第20話 (11/26修正)活版印刷機の開発です。

 石鹸の大ヒットでアーデルハイトからの好評を受けたエルネスティーネは、その褒美として、とある人物たちをエーレンベルク領に招く事の許可を受ける事に成功した。

 それは、背の低い頑健な種族で手先が極めて器用な職人肌の種族。

 すなわち、ドワーフである。

 元々、その職人肌の気質から法の国家に所属していたドワーフたちであったが、彼らを嫌う”連合”の迫害にあって追放になった流れドワーフたちの集団も多く発生していた。その流浪で安息の地を求めるドワーフたちを自らの領土に招き入れる事をエルネスティーネは要望したのである。

 例えドワーフであろうが流民を受け入れるのはリスクが伴う。

 大規模な人の流れは、秩序を容易く乱し、全てを混乱の渦に叩き落す。

 そのため、ドワーフであろうと流民を受け入れるのは非常に慎重でなくてはならないのだ。


「ふん、アンタらがワシたちを受け入れてくれた者たちか。まあ一応礼は言っておくがな。」


 ふん、と慇懃無礼にアーデルハイトの屋敷に招かれたドワーフたちは、鼻を鳴らす。

 元より頑固な職人肌のドワーフたちと権力者との相性はあまり良くはない。

 だが、ドワーフたちもせっかく手に入れた安堵の地を失いたくはないだろうし、これからの連合に対抗するための技術発展を行うためにも、ドワーフたちはアーデルハイトにとってどうしても必要な人材たちなのだ。

 アーデルハイトは、ドワーフたちに居住地として近くの山を、敵魔術師からの空爆を防ぐための地下避難場所兼ドワーフたちの居住地を建設してもらう事で合意した。

 ドワーフたちの性質として、山や地下に居住地を自ら作り出した方が落ち着く習性があるのである。

 そして、話が落ち着いたエルネスティーネは、自らが作り出した紙に書いた設計図をドワーフたちに見せてこれを作れないか?と注文する。


「なんだこりゃ、プレス機に……文字が書かれた金属の塊?しかも、全ての文字を一つ一つ作り上げなきゃならんのか?」


 そう、エルネスティーネはドワーフが自分たちの領地に来た事をきっかけに、ついに木版印刷ではなく、活版印刷機を作ろうとしているのである。

 まずは、鋼の長方形ブロックを用意して、その先端部に文字をトレースして、その背景の金属を削り取り、文字を浮かび上がらせる。

 これが文字打刻用の父型であり、これを銅のブロックに叩きつける事によって、逆文字である母型を製造するのである。

 そして、そこに流し込まれるのが溶けた活字合金と呼ばれるものである。

 活字合金は、印刷用活字を作るために使われる鉛、アンチモンの合金である。

 この組成は、鉛80%、アンチモン17%、錫3%であり、融点はおよそ240度である。

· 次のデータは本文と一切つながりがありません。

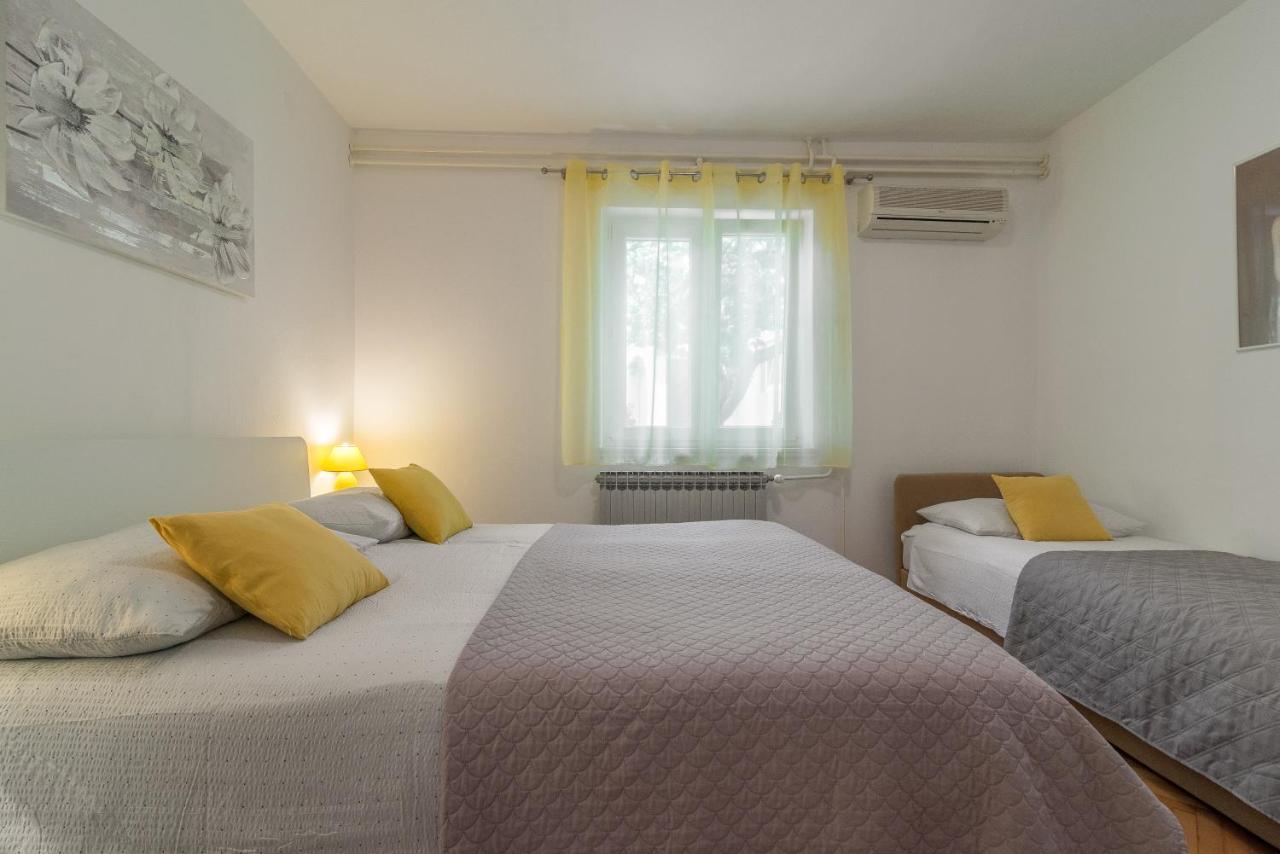Apartments Tolic Biograd Na Moru Exterior foto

 これを母型に流し込んで冷やして固め、型から取り出す。そして、その母型を繰り返し使用して、同じ文字の活字を大量生産するのである。

 そして、それをやすりで削って均等な高さに揃える必要がある。

 紙に均等に押し付けるには、この作業が必須なのである。


 そして、二つ目の必要な技術的要素は、印刷機(プレス機)であるが、これはさほど技術的に難しいものではない。

 ブドウ絞り技術の技術を流用すれば、ドワーフの手からすれば難しいものではあるまい。平らな面に圧力を加えるスクリュープレスの技術は、すでにブドウ絞りやオリーブの種を圧搾するため一般的に使われていた。

 それを流用して、印刷機用のプレスを作り上げればいいのである。


「とはいえ……これから居住地作成で忙しい皆さんにこれ以上の負担をかけるわけにはいきませんね……。これは他の人間の技術者に……。」


「おい、ワシらを舐めているのか。その程度マスケット銃を作ってる片手間程度で出来るわ!とはいえ流石に初めてじゃからしばらくかかるが必ず作ってやるから待っとれ!ドワーフ舐めるんじゃねえぞ!」


 やったぜ、と思わずエルネスティーネは心の中でガッツポーズを決めた。

 ドワーフは頑固である反面、やるといったら必ずやり遂げる種族である。

 これで、活版印刷機はできたも当然だろう。

 また一歩エルネスティーネの野望が進んだのである。


〇11月26日、書き直しを行いました。